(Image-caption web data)
◆ ◆ ◆ ◆
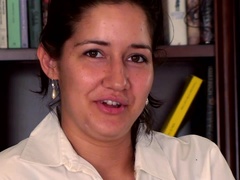 Isabel strips out of those office clothes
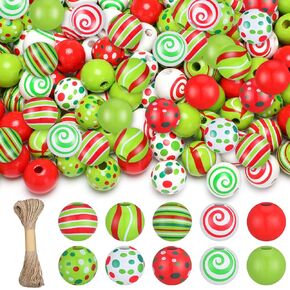 Vercraft 240 Pcs Christmas Wooden Beads with Jute Twine Red Green Round Craft Beads 10 Styles Christmas Spacer Beads Peppermint Swirl Elf Candy Cane Beads for Xmas DIY Garland Jewelry Making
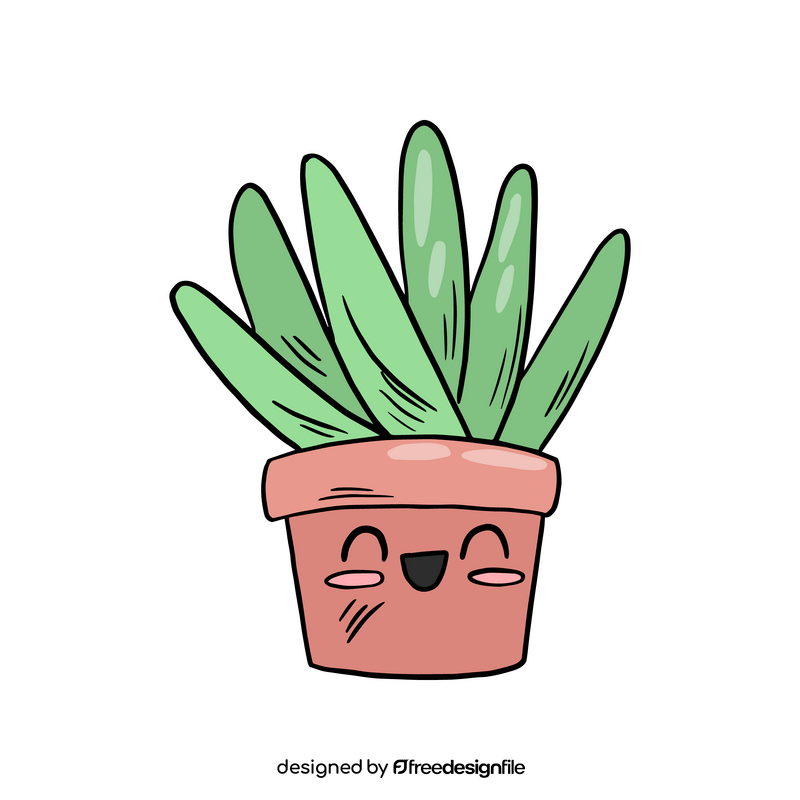 Kawaii cartoon cactus clipart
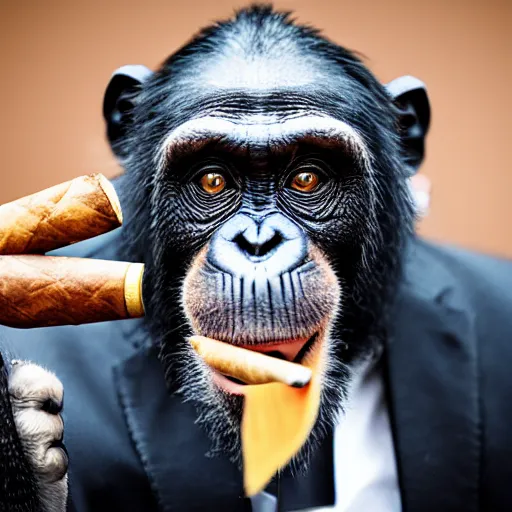 Image similar to a high detail closeup shot of a chimp wearing a suit, smoking a cigar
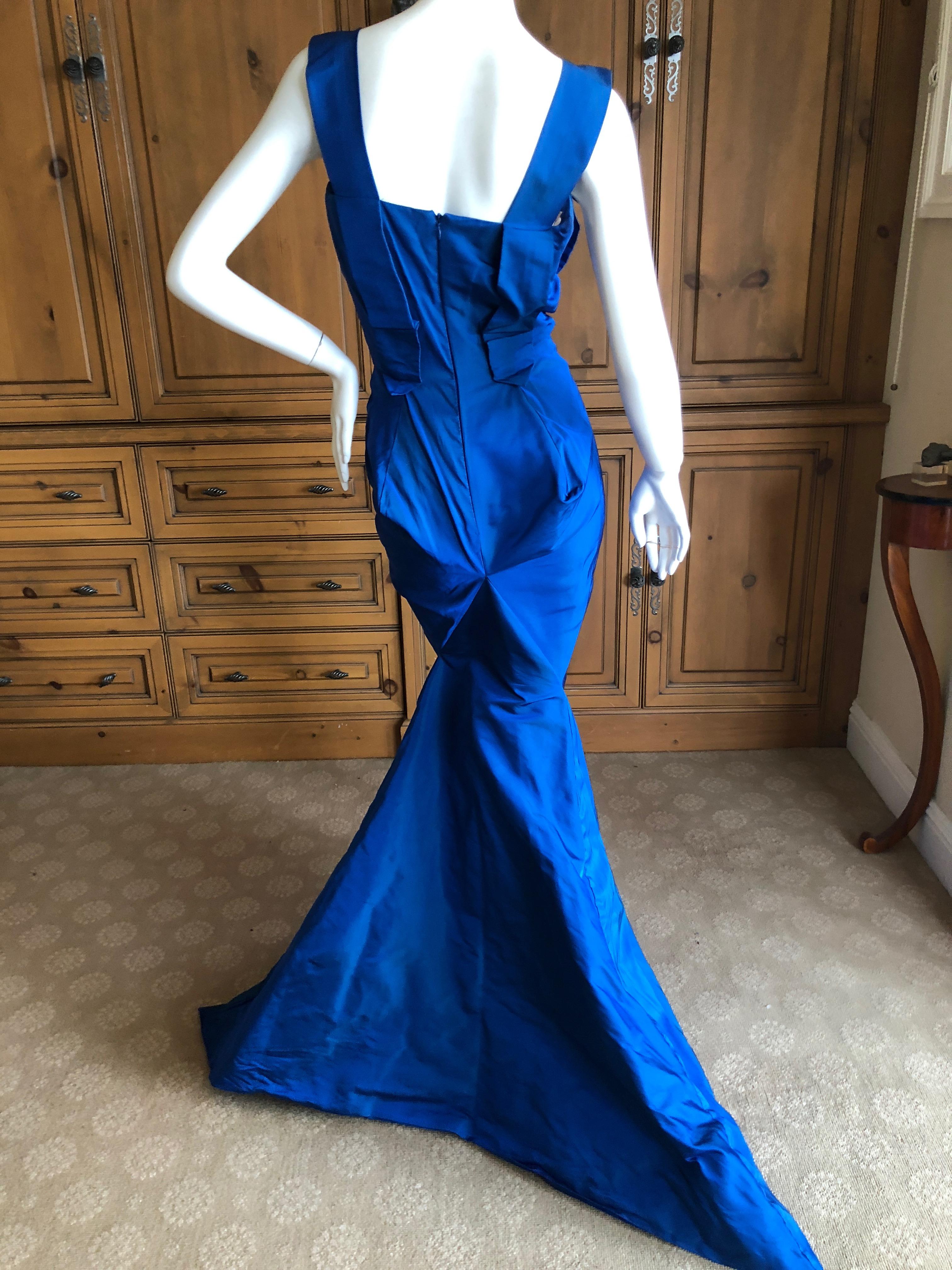 Vivienne Westwood Gold Label Blue Taffeta Fishtail Train Evening Dress, 2011 For Sale 7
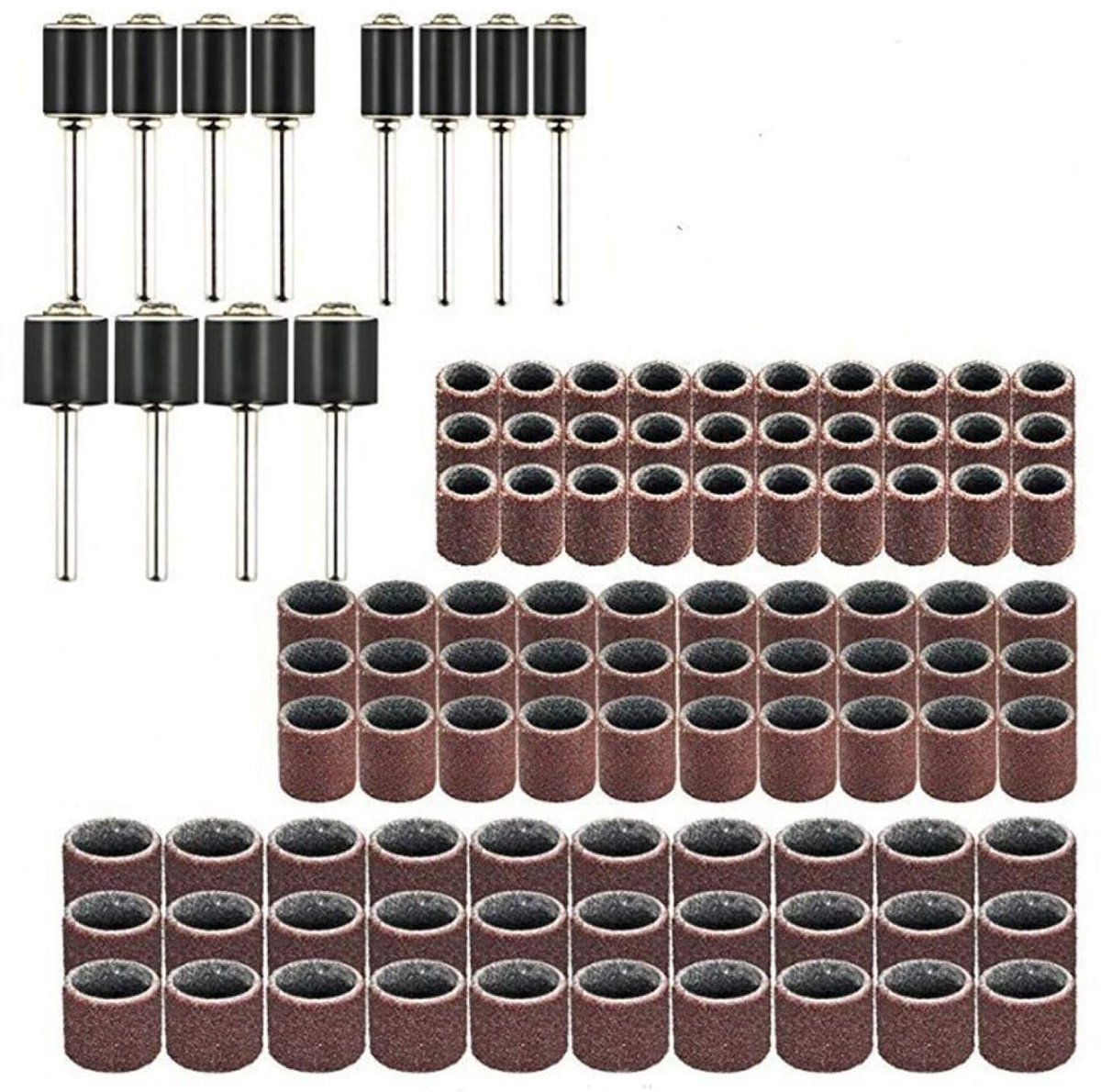 Complete set van 102 schuurringen en schuurdrums voor rotatietools, inclusief 90 schuurringen en 12 schuurdrums voor precisiewerk en houtbewerking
◆ ◆ ◆ ◆
▸ TASK GOAL
Repeat each entry above exactly, passing over any images.

▸ EXPECTED OUTPUT
 Isabel strips out of those office clothes
 Vercraft 240 Pcs Christmas Wooden Beads with Jute Twine Red Green Round Craft Beads 10 Styles Christmas Spacer Beads Peppermint Swirl Elf Candy Cane Beads for Xmas DIY Garland Jewelry Making
 Kawaii cartoon cactus clipart
 Image similar to a high detail closeup shot of a chimp wearing a suit, smoking a cigar
 Vivienne Westwood Gold Label Blue Taffeta Fishtail Train Evening Dress, 2011 For Sale 7
 Complete set van 102 schuurringen en schuurdrums voor rotatietools, inclusief 90 schuurringen en 12 schuurdrums voor precisiewerk en houtbewerking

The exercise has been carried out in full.